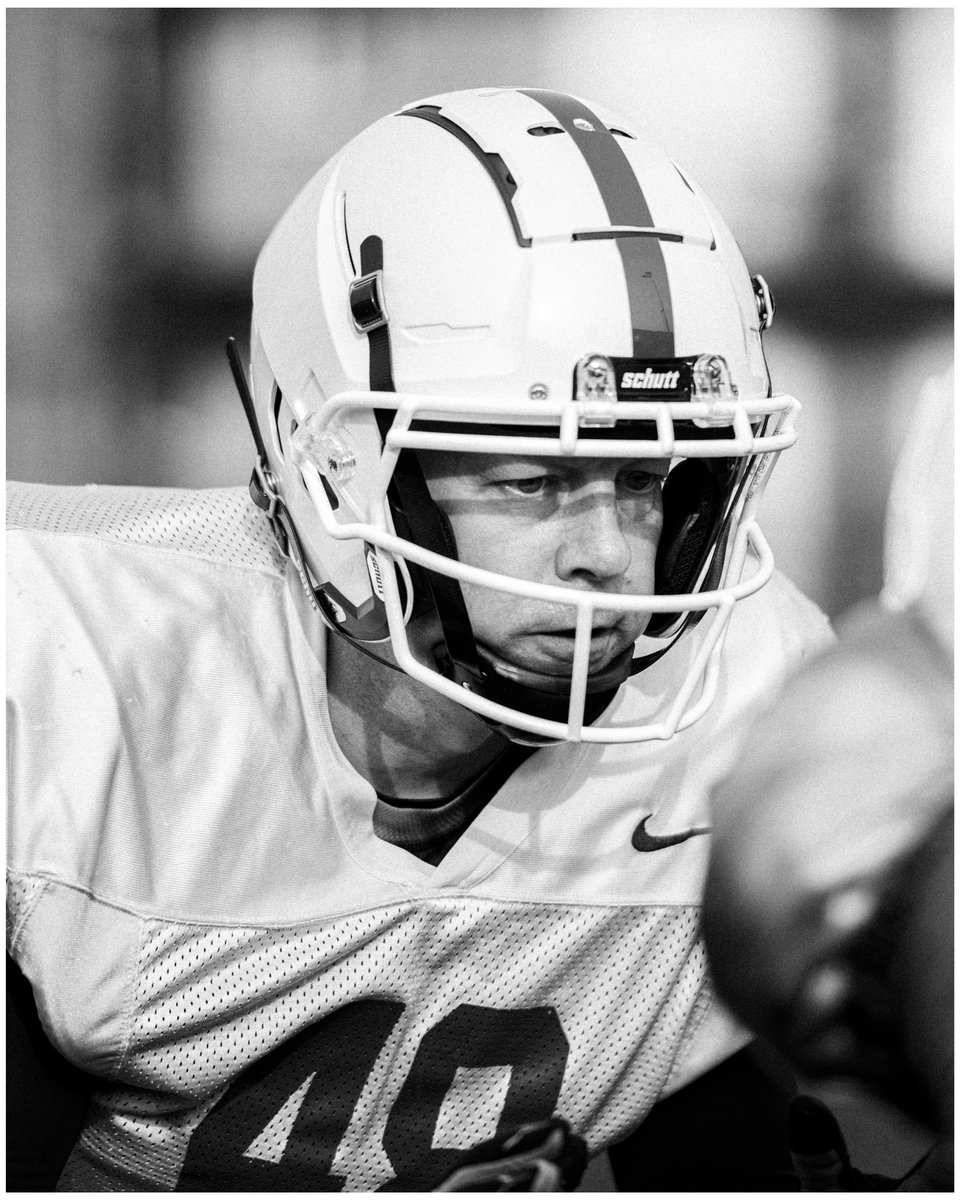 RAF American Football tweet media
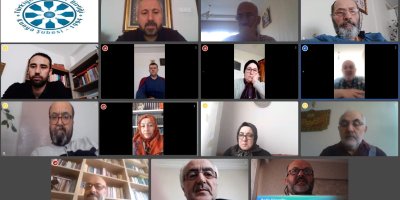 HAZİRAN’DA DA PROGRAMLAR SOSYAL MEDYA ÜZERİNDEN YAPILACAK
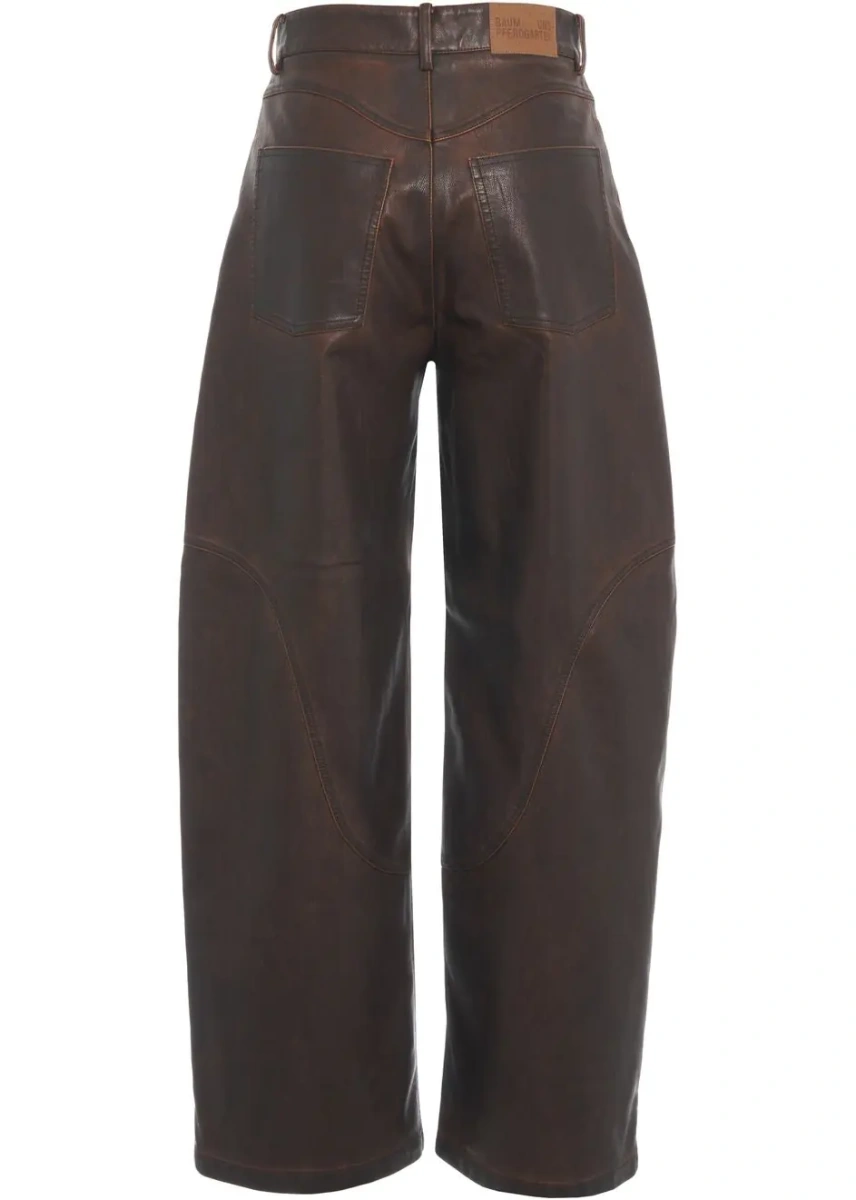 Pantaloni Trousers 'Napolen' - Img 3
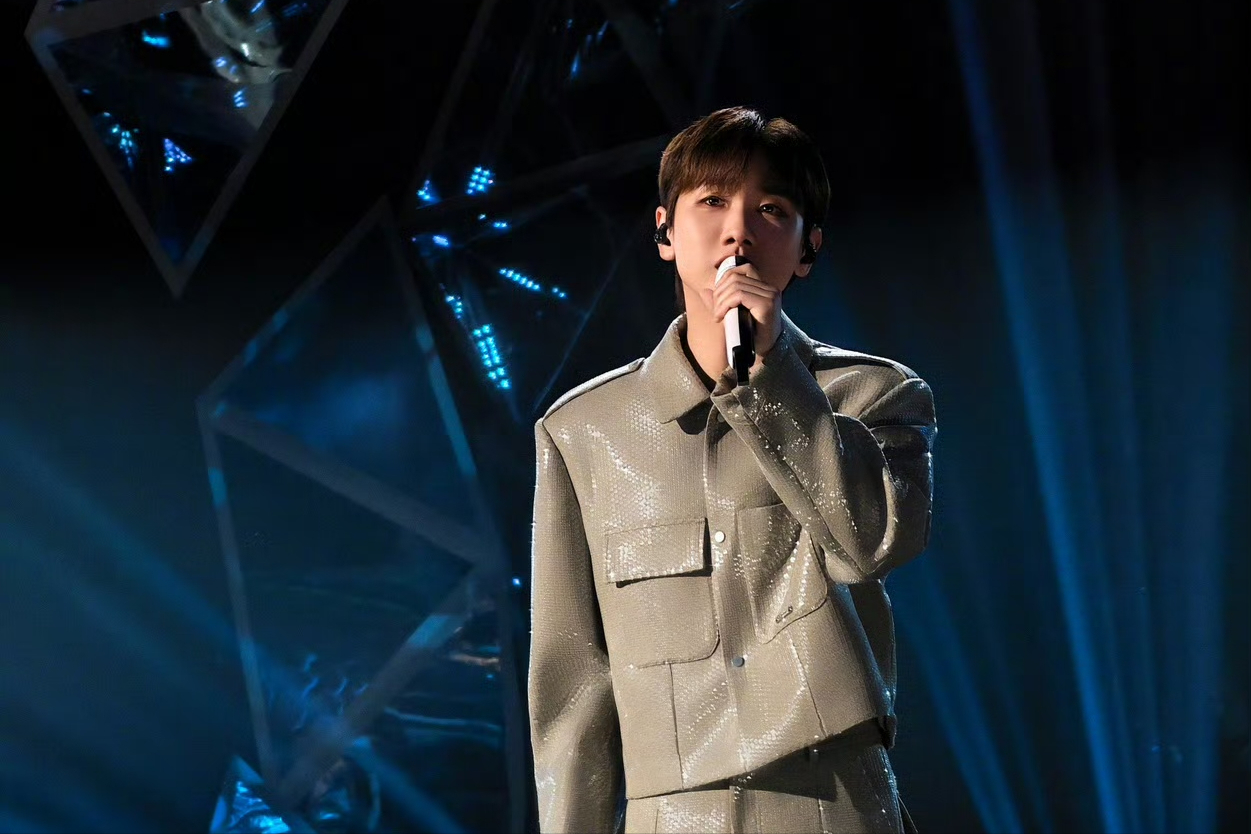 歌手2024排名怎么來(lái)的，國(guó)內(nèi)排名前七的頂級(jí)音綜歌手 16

++++++

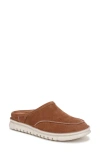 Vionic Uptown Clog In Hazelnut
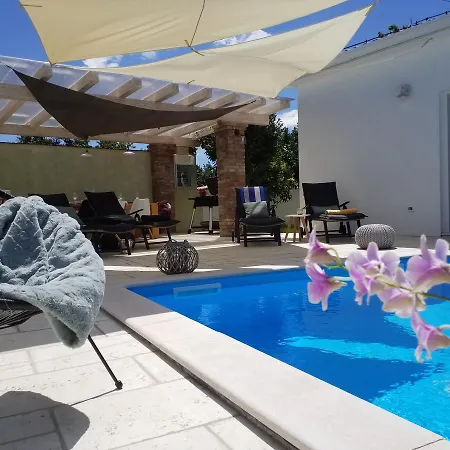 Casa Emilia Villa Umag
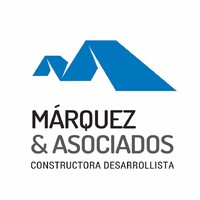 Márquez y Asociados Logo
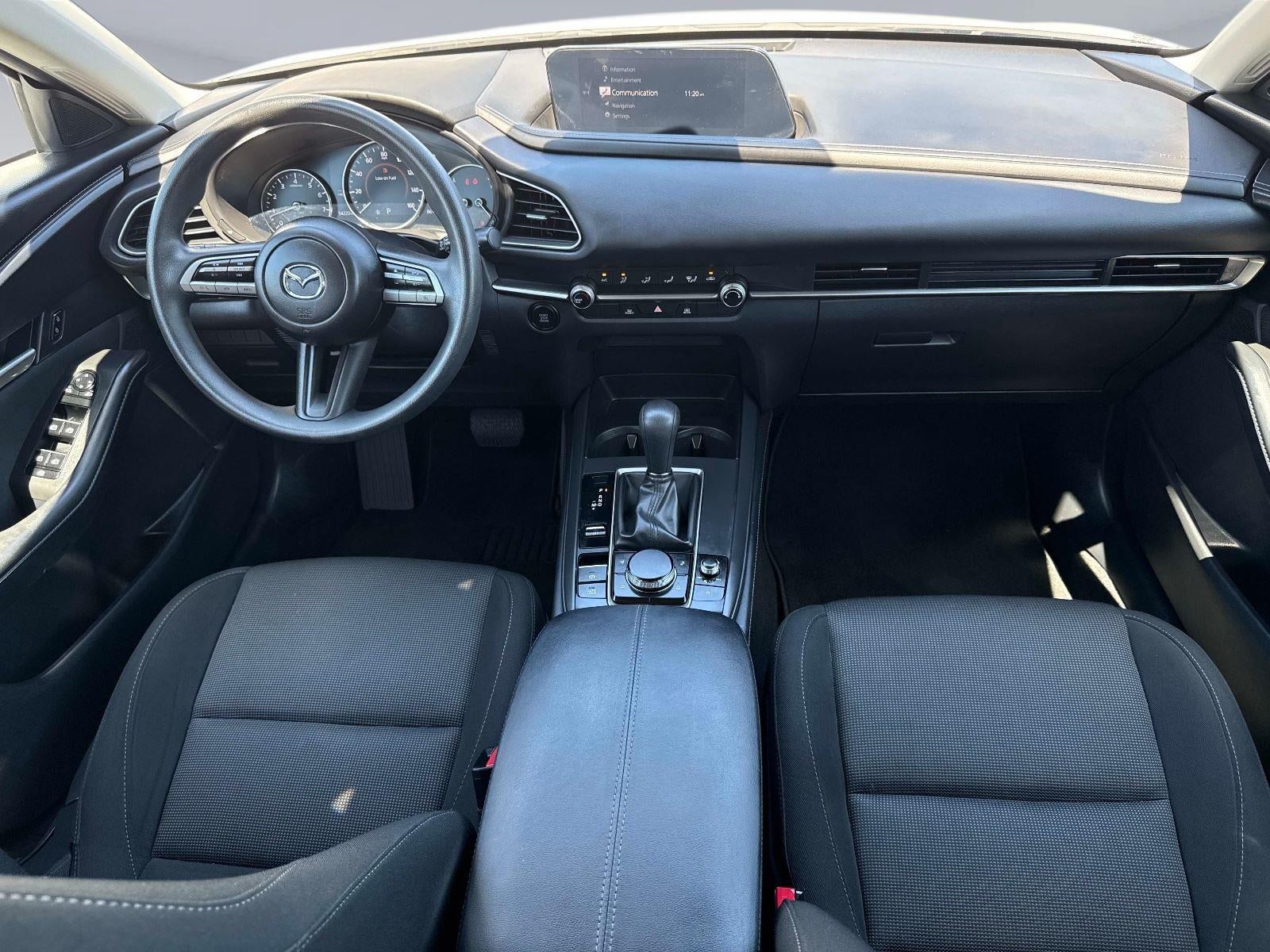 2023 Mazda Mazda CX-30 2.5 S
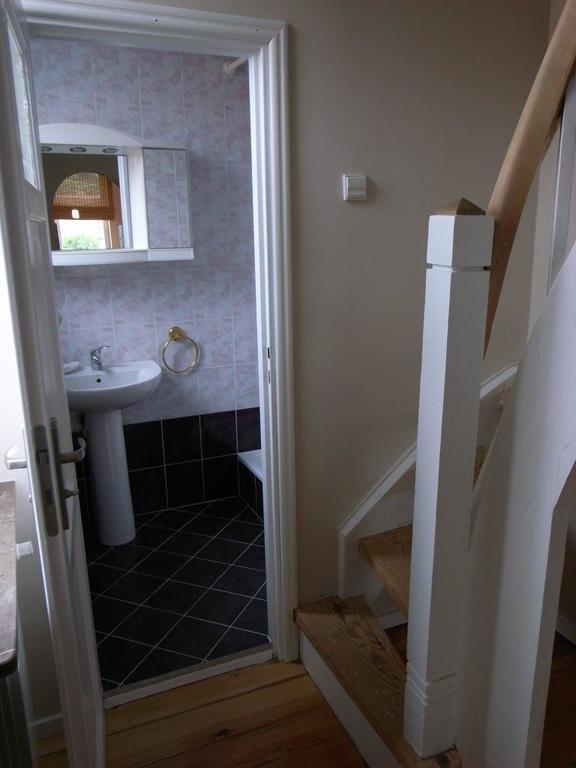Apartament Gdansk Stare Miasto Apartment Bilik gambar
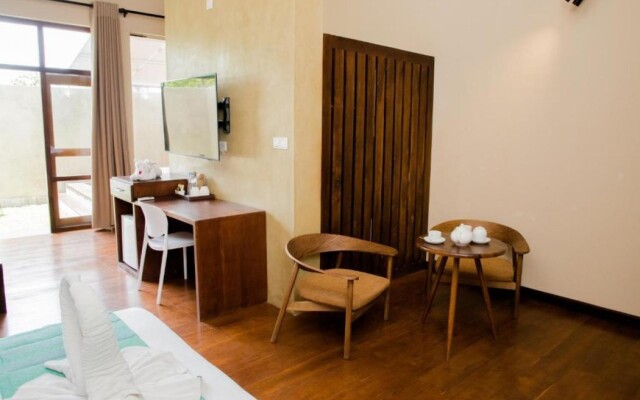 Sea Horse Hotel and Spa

++++++

Your copy should hold only the lines above from the one containing "2023 Mazda Mazda CX-30 2.5 S" through the one containing "Sea Horse Hotel and Spa", exactly as written and free of pictures.

 2023 Mazda Mazda CX-30 2.5 S
Apartament Gdansk Stare Miasto Apartment Bilik gambar
 Sea Horse Hotel and Spa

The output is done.